Risks, 2025, vol. 13, issue 8, 1-22

Abstract: This paper uses survival analysis as a tool to assess credit risk in loan portfolios within the framework of the Basel Internal Ratings-Based (IRB) approach. By modeling the time to default using survival functions, the methodology allows for the estimation of default probabilities and the dynamic evaluation of portfolio performance. The model explicitly accounts for right censoring and demonstrates strong predictive accuracy. Furthermore, by incorporating additional information about the portfolio’s loss process, we show how to empirically estimate key risk measures—such as Value at Risk (VaR) and Expected Shortfall (ES)—that are sensitive to the age of the loans. Through simulations, we illustrate how loss distributions and the corresponding risk measures evolve over the loans’ life cycles.
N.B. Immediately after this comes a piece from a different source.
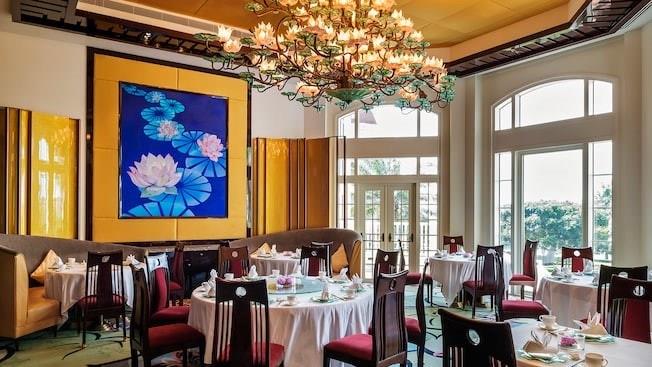 离TW最近的童话乐园!畅游香港迪士尼懒人包,看完直接出发! 内容图10 女神网-大潮社TV实时追踪属于女人新资讯的综合网站! food.jpg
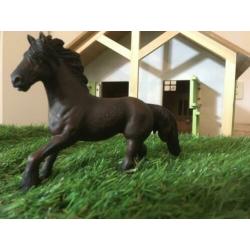 Schleich Paard Friesche merrie met veulen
Our approach emphasizes the significant dependence of risk metrics on loan age, illustrating that risk profiles are inherently dynamic rather than static. Using a real-world dataset of 10,479 loans issued by Angolan commercial banks, combined with assumptions regarding loss processes, we demonstrate the practical applicability of the proposed methodology. This approach is particularly relevant for emerging markets with limited access to advanced credit risk modeling infrastructure.

Keywords: survival analysis; loan portfolios; default probability; Gompertz–Makeham model; hazard function; value at risk (VaR); expected shortfall (ES); Monte Carlo simulation; Basel IRB approach; loss distribution (search for similar items in EconPapers)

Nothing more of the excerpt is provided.